Sweet Home Junior High construction project nearing finish

Sean C. Morgan

Contractor Gerding Builders is edging ever closer to completion of the Sweet Home Junior High project, and School District Maintenance Supervisor Josh Darwood believes the school will be ready when the next school year begins.

Much of the work is already done. Last week, Principal Colleen Henry and Vice Principal Mark Looney worked with the architects in checking and signing off on the work in the new school office area.

“It’s getting close,” Darwood said. The project is doing well although it’s had “little hiccups” here and there. “It looks really good.”

He has heard a lot of comments from people on the district’s planning committee “that the look and the feel far exceed what they expected.”

“We’re getting real close,” said Gerding Builders Supt. Waylon Lundin. “We have a little bit of siding at the cafeteria,” along with interior finish work in the vestibule and cafeteria.

A new wrestling mat hoist went in last week, Lundin said, and the gym is scheduled to get its new floor in a few weeks. Crews still need to apply anti-graffiti sealant in the gym and locker rooms.

“There have been some delays due to the pandemic,” he said. Sometimes, subcontractors arrive with full crews; at other times, their crews have been under quarantine.

An unfortunate side effect of the pandemic response has been no school, he said. That has allowed workers to move things into the school during the day rather than waiting until after school or weekends.

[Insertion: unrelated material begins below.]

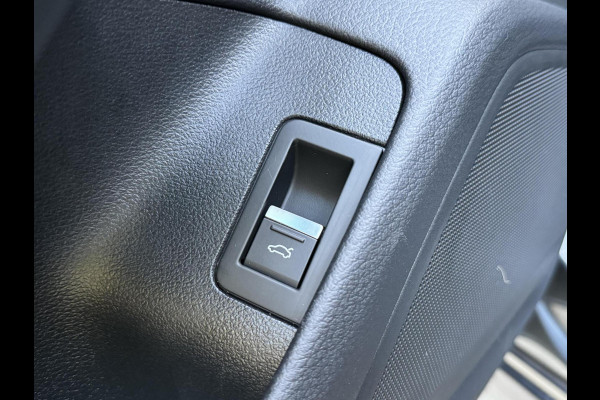 Audi A6 Avant 45 TFSI S edition Automaat | Navigatiesysteem | LED verlichting | Parkeersensoren voor en achter | Cruise & climate contro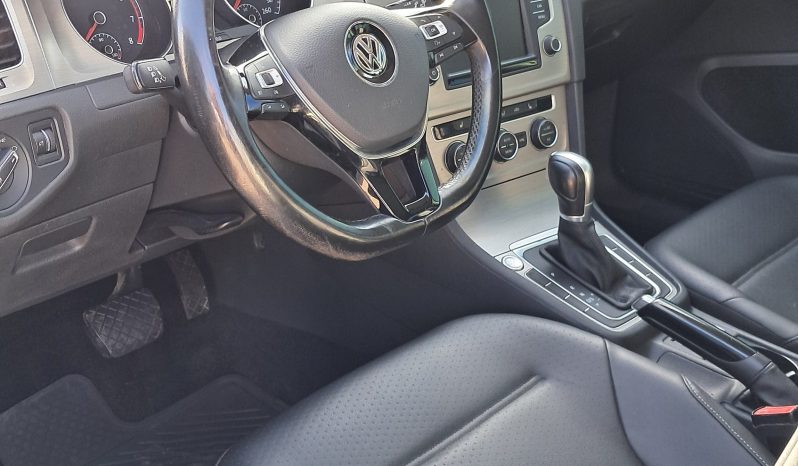 2017 Volkswagen Spotwagen TSI S full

The downside to the response to COVID-19 for construction has been that crews are sometimes small, he said.

“Myself and my foreman are spending a lot of time making sure everything is sanitary,” Lundin said. They also make sure sanitizers are available in all of the construction equipment and around the site.

Gerding was originally supposed to finish in the spring, he said. At this point, the worst-case scenario is summer, when the district’s maintenance department moves in to remodel parts of the school for new uses.

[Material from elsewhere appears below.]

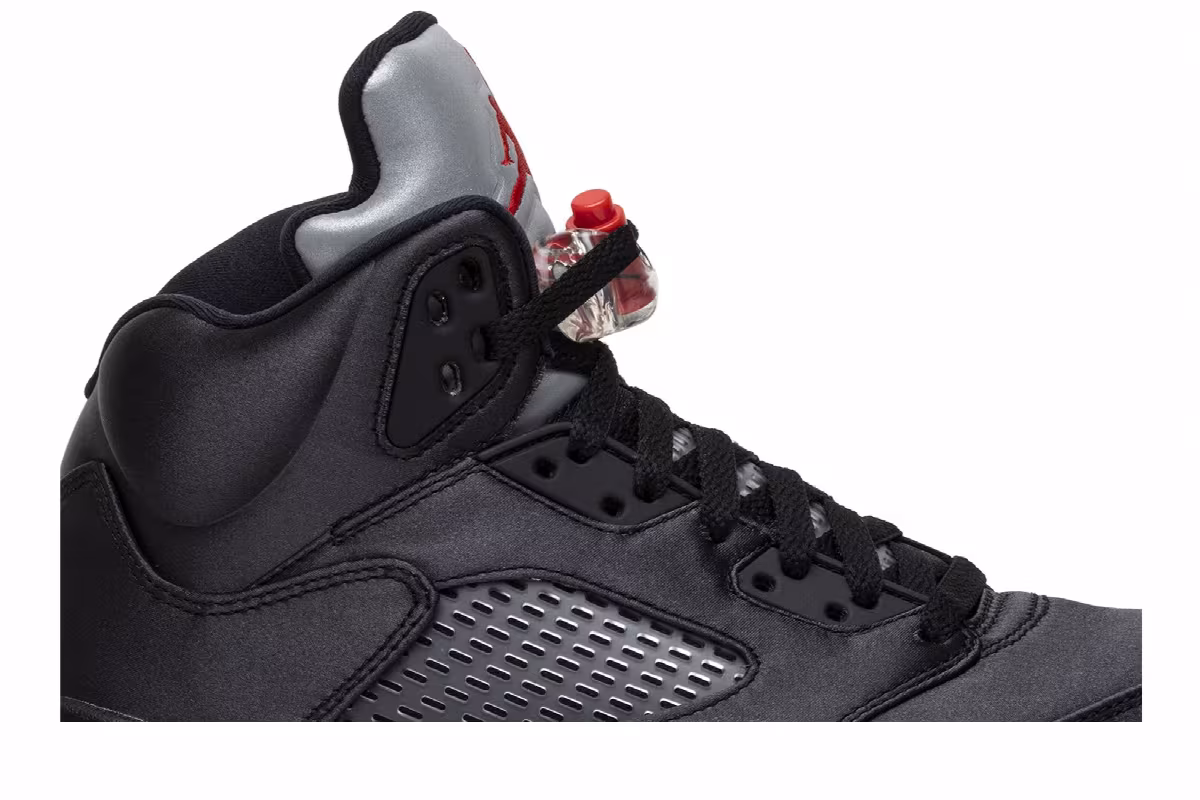 Air Jordan 5 Satin Bred, view 3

The project, funded by a $4 million bond levy, a $4 million grant from the state and money from the district’s Long-Term Maintenance Fund, includes a new full-sized gymnasium, new locker rooms, a new school office, a new access-restricted vestibule, a new angled roof surface to provide drainage, new management of data cabling, a new cafeteria facing north across Husky Field and a new parking area allowing parent access to drop off and pick up students with a new bus loop separate from the parking lot.

“We’re still working on final numbers with the contractor for some work that was added, but I expect our cost will be close to the $11.5 million original contract,” said district Business Manager Kevin Strong.

Coming up, the district crew will abate asbestos floor tiles next month, Darwood said. Into the summer, district workers will remodel the old office and make it the school’s new “maker space” art room. Rooms 13 and 14 will be reconfigured for Basic Life Skills and a teacher’s work space and lounge.

In addition to completing the siding and paint, the district will complete landscaping although Gerding is preparing the landscaping spaces for the district, he said.

“We’re going to try to do it with the minimum amount of irrigation needed.”

“It should be done by the end of summer,” Darwood said. There might be a room left, but the school should be ready.

Early this school year, the district still had work at Holley and Foster elementary schools, including new lighting at Foster, siding and painting at both schools and some minor projects. Gerding completed $1.5 million grant-funded seismic upgrades at both schools. The district’s maintenance crew also completed substantial interior remodeling at both schools, with the addition of secure entrances.

Both of the schools are finished and functioning normally now, Darwood said, although Foster has a few little pieces of trim to finish in the office once the staff is out of the building for the summer.

Darwood said he isn’t worried about the junior high project running into the school year.

“We don’t have three schools this summer,” he said. “It makes it easier.”